Kō no Morofuyu (高師冬; died 13 February 1351) was a Japanese samurai lord who, together with his cousins Moronao and Moroyasu, was one of shogun Ashikaga Takauji's most important generals during the Nanboku-chō period. He was adopted as a son by Moronao. He was kami (守・長官) of Mikawa Province, shugo (governor) of Musashi Province and Kantō kanrei. Defeated by Uesugi Noriaki during the Kannō disturbance, he committed seppuku in Kai in 1351.

==Career==
Like many others men of this period, Morofuyu began his career in 1336, at the end of the Kenmu Restoration. He fought many battles all over the country, including 1336's attack to Mount Hiei. In 1338, together with cousin Moroyasu, he went to fight against Southern Court forces in Aonohara, Mino Province, to help contain Kitabatake Akiie, who was threatening Kyoto. The next year he was made Kantō shitsuji, counsellor to Ashikaga Yoshiakira, holding the post until 1344. He proved successful in this role against both the pro-Ashikaga Tadayoshi Uesugi clan and against Hitachi Province's Kitabatake Chikafusa, who was the main military force behind the Southern court. He left Kamakura to attack loyalist troops in 1339 and 1340 in Hitachi and then proceeded to defeat Chikafusa again in December 1341. On September the following year, he surrounded and attacked Seki Castle, a major fort of the Southern court. Two years later in 1343, Chikafusa was driven out of Kantō where he then left for Yoshino. He was concurrently also shugo of Musashi Province from 1341 to 1344.

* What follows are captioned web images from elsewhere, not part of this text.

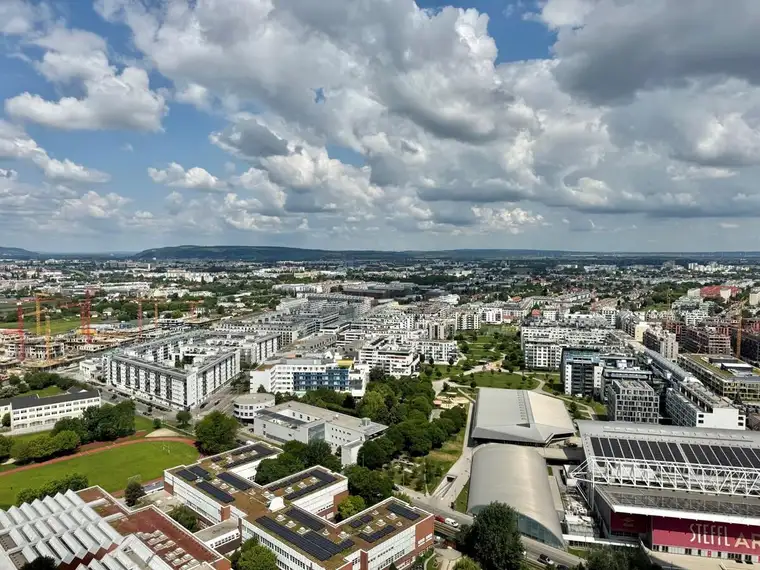 Tsvetilena Galabinova, IMMOcontract Immobilien Vermittlung GmbH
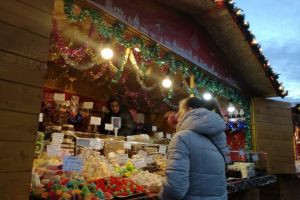 VIDEO FOTO Magia sărbătorilor a cuprins Sibiul – Târgul de Crăciun şi-a deschis porţile – Deschiderea LIVE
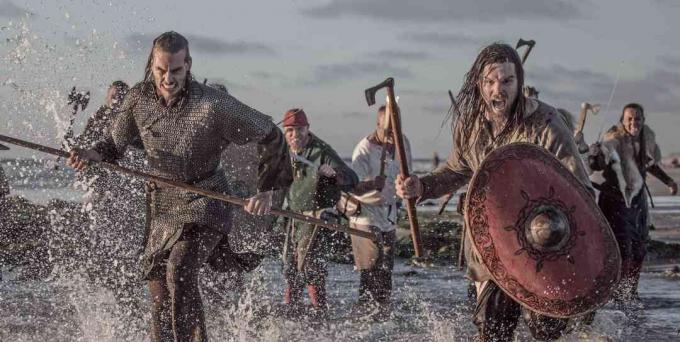 O grămadă de arme care luptă războinici vikingi care luptă într-o scenă de pe câmpul de luptă din mare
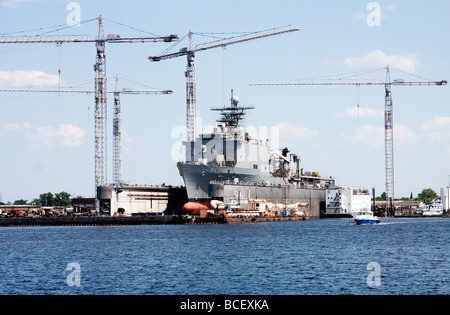 Die USS Whidbey Island LSD 41 Navy marine Schlachtschiff in einem Trockendock in Norfolk Virginia immer für Wartung Reparatur Stockfoto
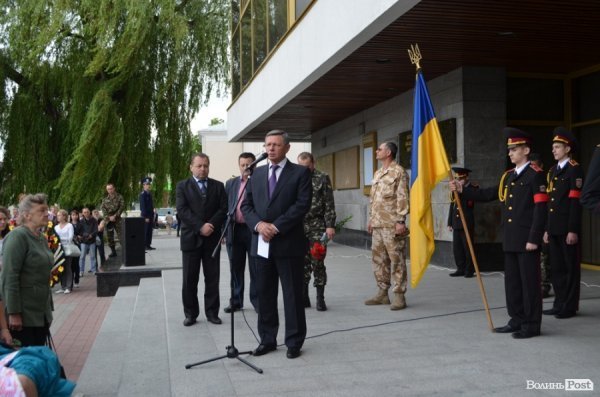 Луцьк попрощався із загиблим вояком «Айдару». ФОТО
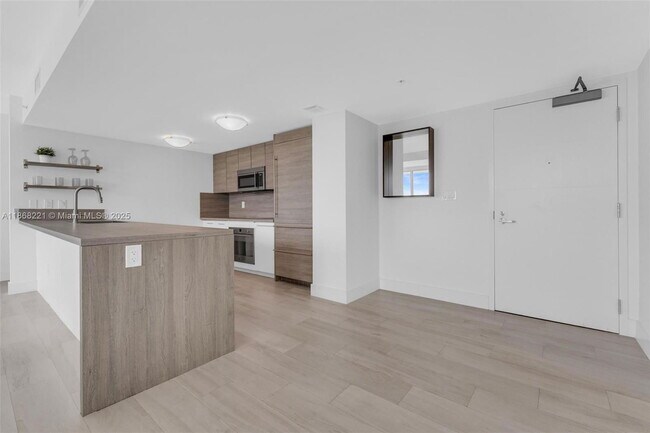 Building Photo - 400 Sunny Isles Blvd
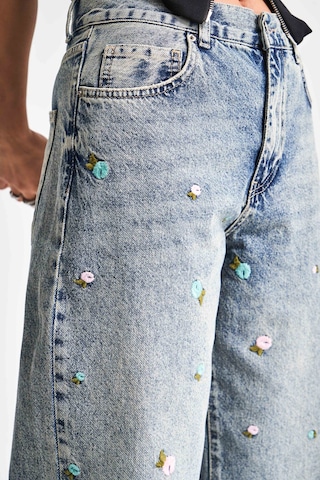 it's basic Kadın Kot Rengi 4s5-65 Çiçek Nakışlı Loose Fit Orta Bel %100 Koton Denim Jean Mavi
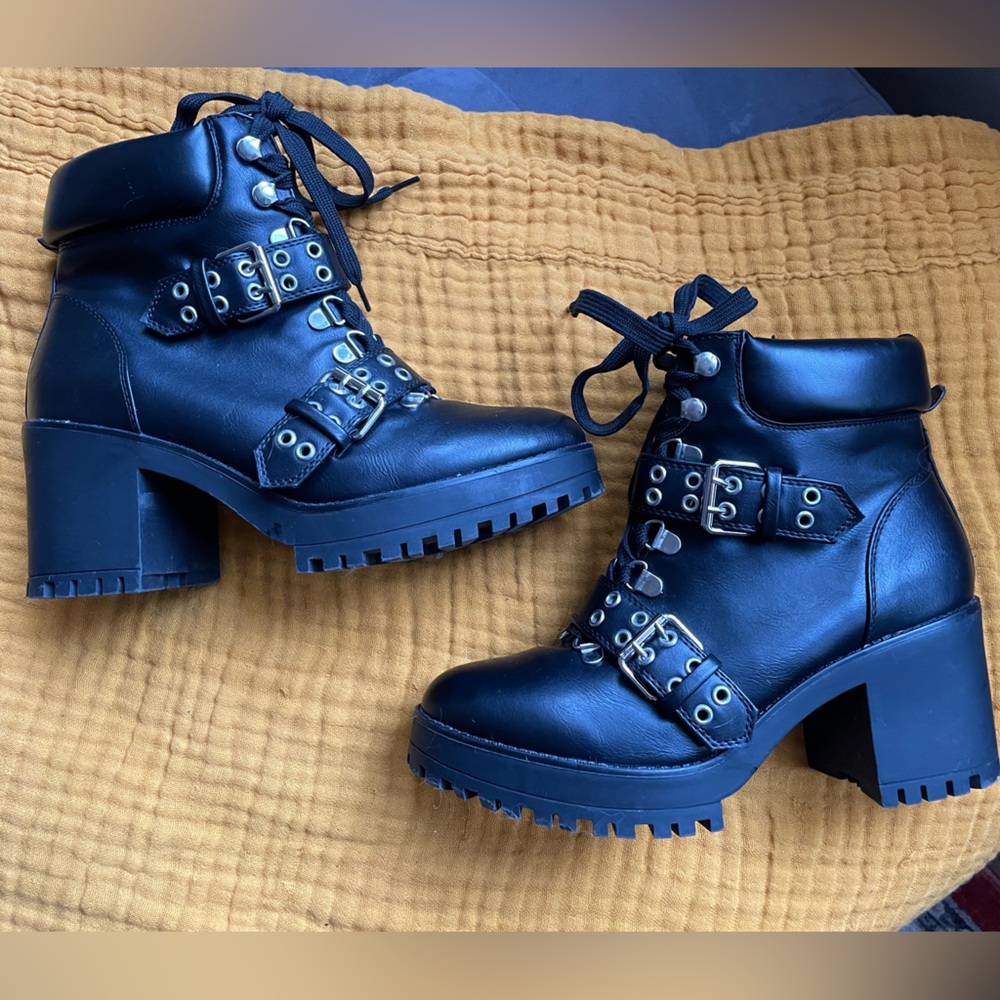 goth/grunge ankle buckled lace up booties s7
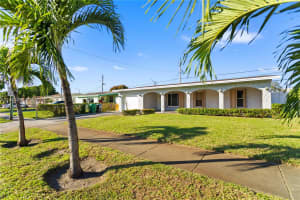 3521 NW 18th Pl, Fort Lauderdale, FL 33311, - MLS#A11948406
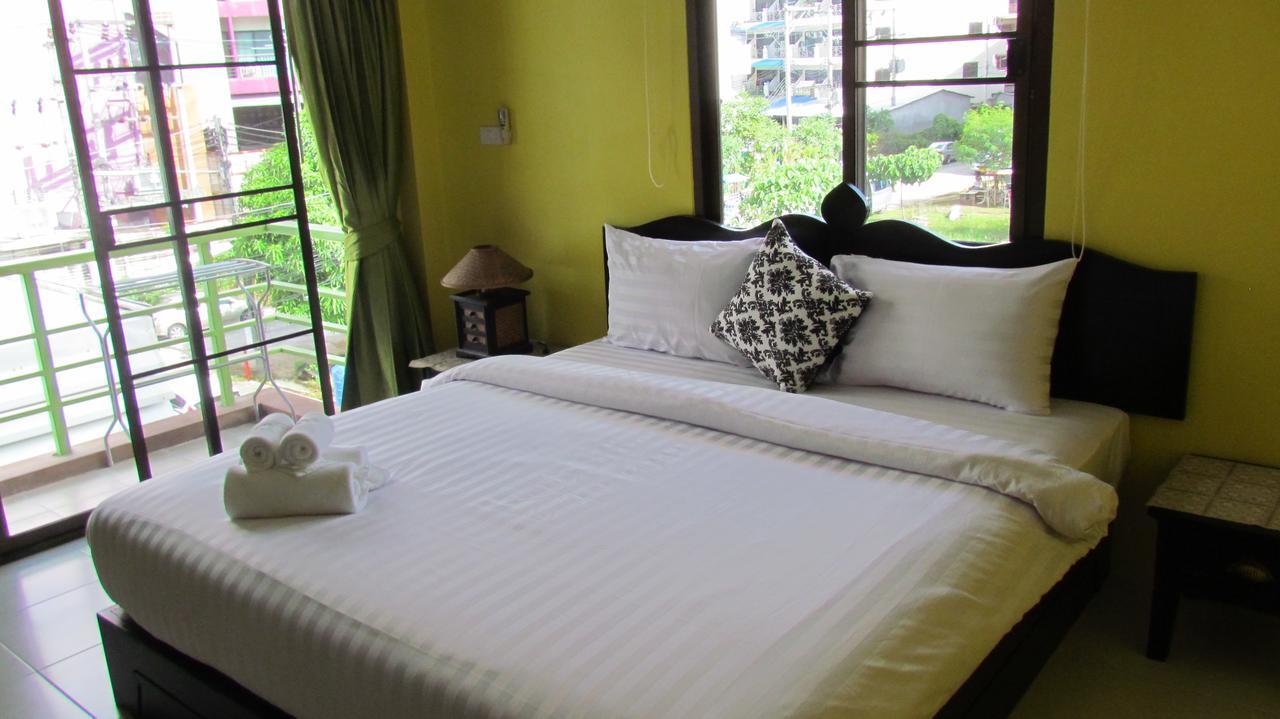 La Piccola Patong Hotell Eksteriør bilde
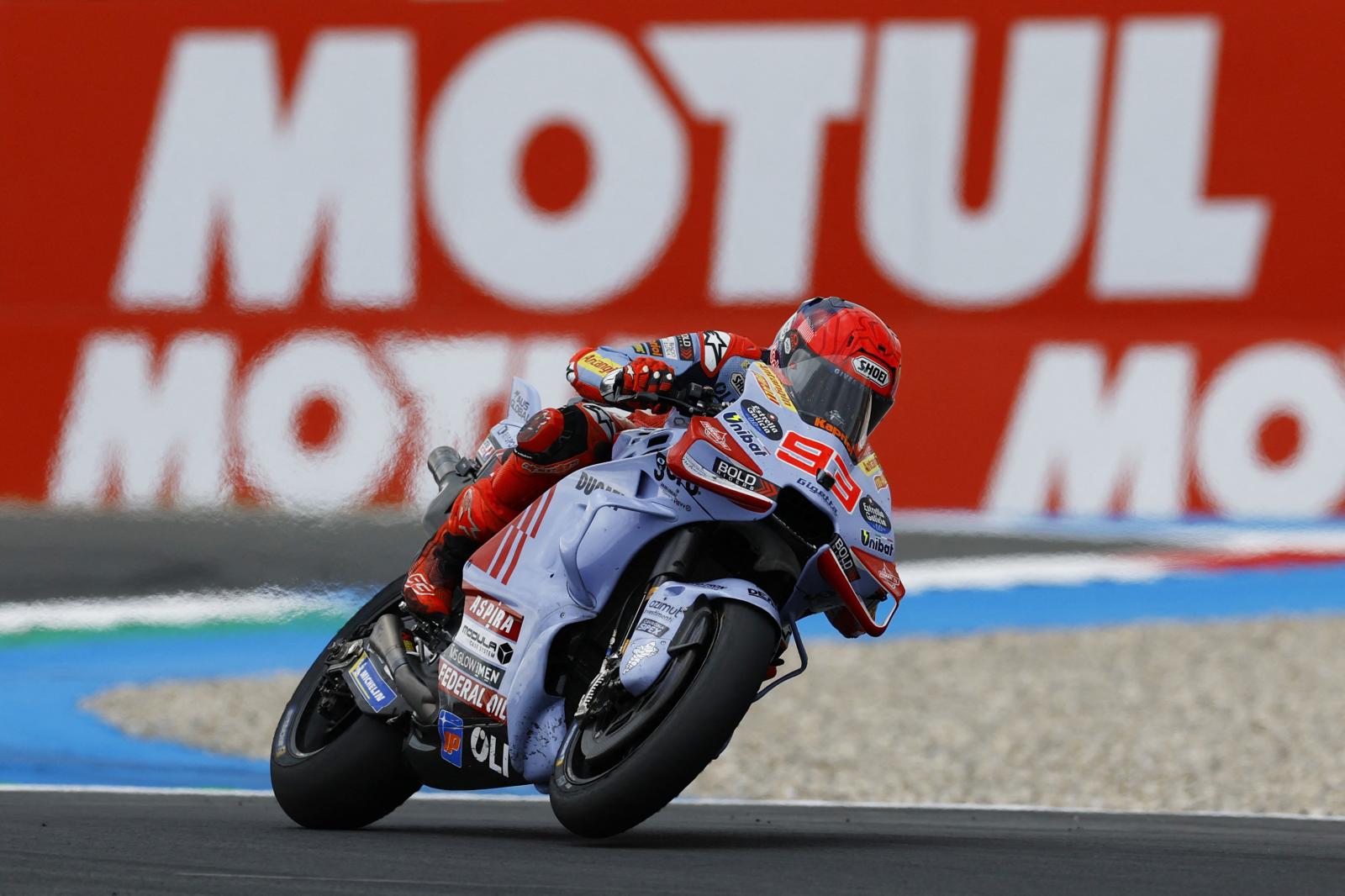 Marc Marquez durante la carrera en Assen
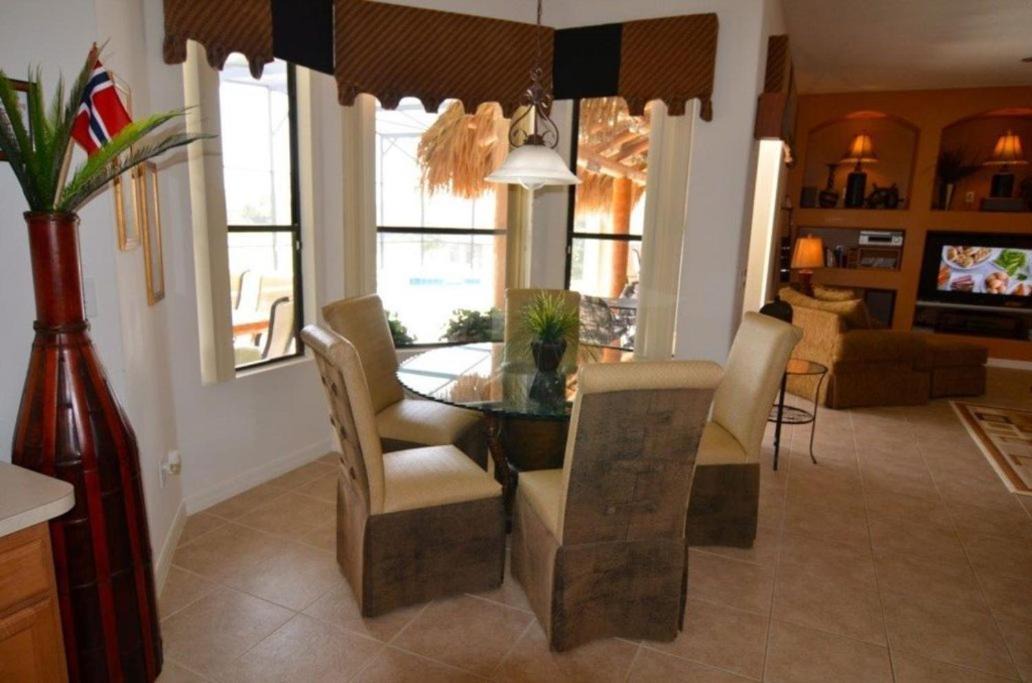Photo of Livingroom in Legacy Park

Morofuyu was then ordered to return to Kyoto, and in 1347 sent to Ise Province as shugo, in which role he fought several battles. In 1349 Takauji sent his son Motouji to the Kantō to take the place of his other son Yoshiakira, whom he wanted in Kyoto, stabilize the area and protect his interests there. Since Motouji was then just a child, real power was in the hands of the two shitsuji Uesugi Noriaki and Morofuyu himself, men who were politically enemies. In 1350, during the so-called Kannō disturbance, a civil war that saw the two Ashikaga brothers fight each other, the differences between the two deepened past the breaking point. He remained with Takauji, while Noriaki defected and went with Tadayoshi. In 1351 he left Motouji in Kamakura to attack Noriaki. Defeated and pursued by his forces, he committed seppuku at Suzawa Castle (須沢城) in Kai Province.